ANALYSIS & OPINION
More cores means slower supercomputing
20 January 2009Tweet
The worldwide attempt to increase the speed of supercomputers merely by increasing the number of processor cores on individual chips unexpectedly worsens performance for many complex applications, simulations have found.
A team of researchers simulated key algorithms for deriving knowledge from large data sets. The simulations show a significant increase in speed going from two to four multicores, but an insignificant increase from four to eight multicores. Exceeding eight multicores causes a decrease in speed. Sixteen multicores perform barely as well as two, and after that, a steep decline is registered as more cores are added.
The problem is the lack of memory bandwidth as well as contention between processors over the memory bus available to each processor. (The memory bus is the set of wires used to carry memory addresses and data to and from the system RAM.)

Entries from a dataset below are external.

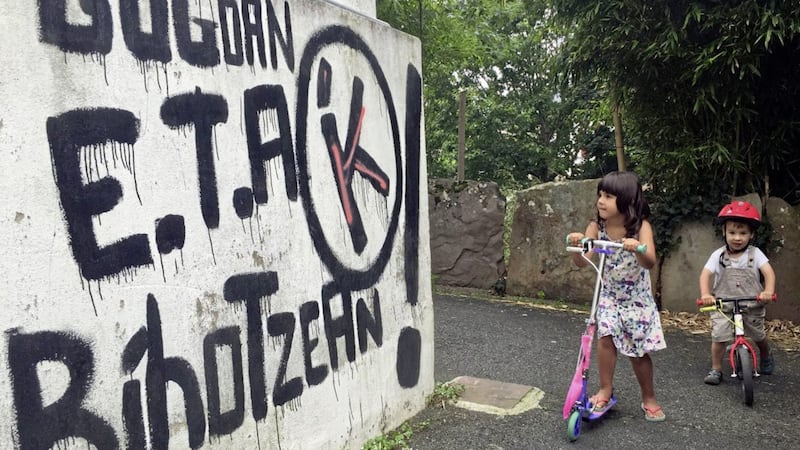 Children play by a graffiti reading &quot;ETA , Basque country and Freedom, in the memory and in the heart&quot; in Sare, southwestern France. Picture by Bob Edme, File, Associated Press. 
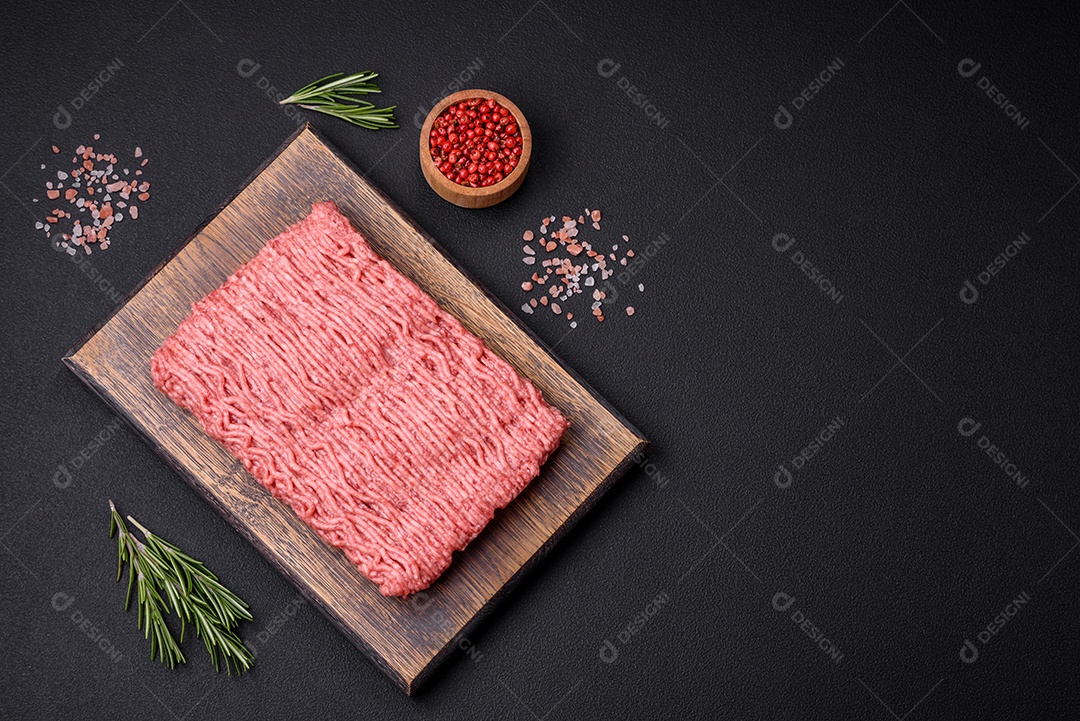 Carne crua ou carne de porco picada com especiarias salgadas e ervas em uma tábua de madeira sobre um fundo escuro de concreto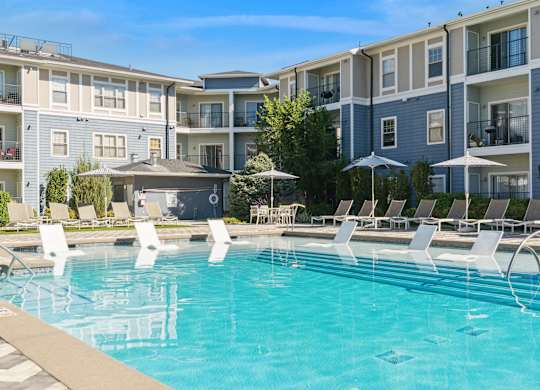 A swimming pool with lounge chairs and umbrellas in front of apartment buildings.
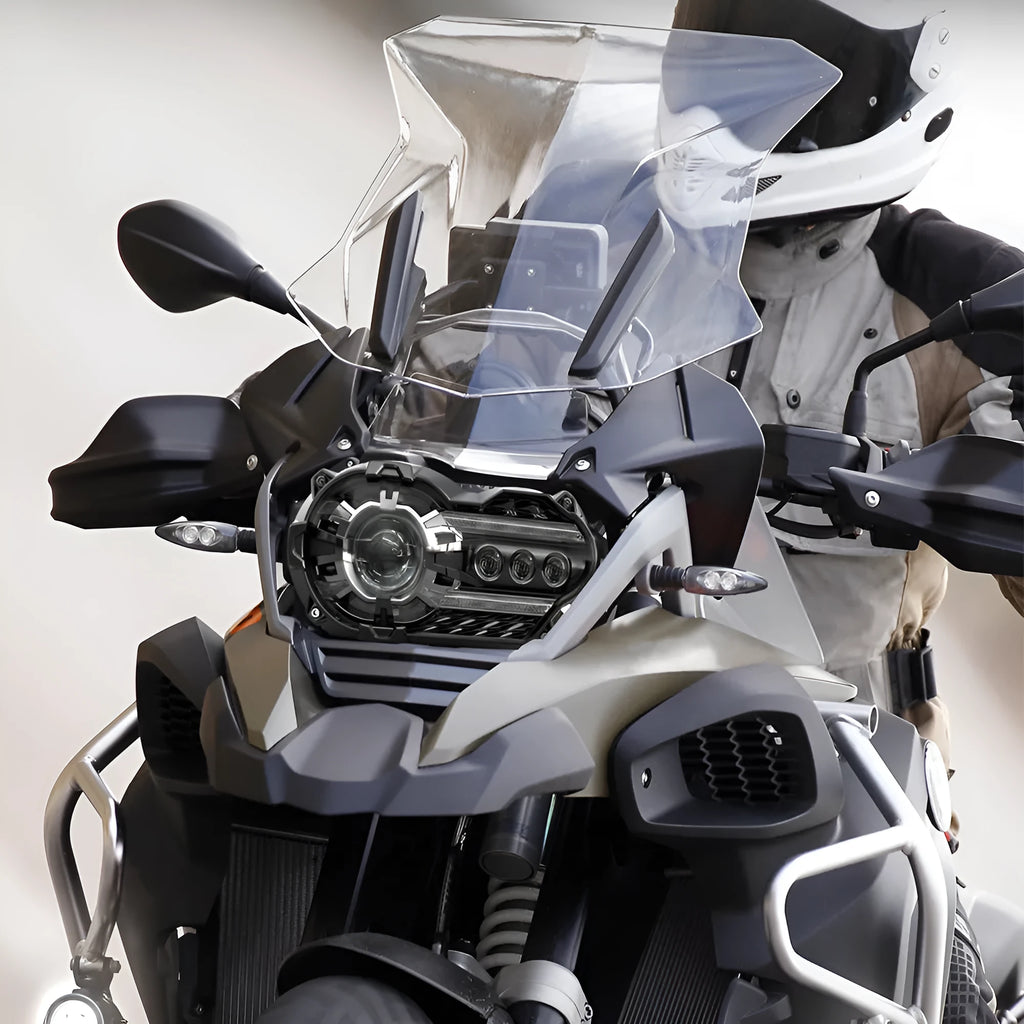 Black 7-inch round LED motorcycle headlight with a polycarbonate lens shown from the front.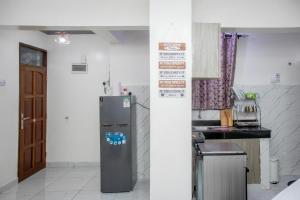 Kuchyň nebo kuchyňský kout v ubytování Upmax Cosy Home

Richard Murphy, a senior member of the technical staff from the Sandia Laboratory where the research took place, told scientific-computing.com that it is 'difficult' to pinpoint how prevalent the problem is: 'The data presented in the spectrum article is for a class of large-data size applications, specifically in informatics. We've seen very similar trends for many large-data HPC applications. There are smaller data HPC applications that won't suffer from this problem, and, speaking very generally, common desktop users are unlikely to see this problem because their data sets are small or streaming, rather than large and random access.'
He adds: 'I also think we will see this problem for other large data problems outside of traditional HPC or informatics. Some preliminary and informal discussions in other communities (finance, databases, etc.) tend to confirm this view.'
But the team at Sandia are working hard to try and resolve this problem, as Murphy explains: 'We're working on a number of strategies to address the problem. Basically, the problem of "data movement" (from CPU to memory, CPU to CPU, and over networks) tends to be the biggest challenge in running these applications, as opposed to the problem of "computing", which is doing the actual mathematics. We've looked at both memory and networking as performance bottlenecks and methods of alleviating the problem.'
So is it a case of simply rewriting the code to work over multiple processors as is often the case with a move to multicore? Unfortunately not, as Murphy says: 'There are certainly some code refactoring methods that can help to solve the problem for different applications, including new data decompositions, better data sharing mechanisms, etc.
'However, there are some important applications that are very unlikely to gain performance via these methods. And, in other cases working on hardware to alleviate the problem may be less expensive (since software costs are very high). We're working on numerous hardware mechanisms that could help, including better synchronisation, improved data movement support (such as gather/scatter), and more capable networks.'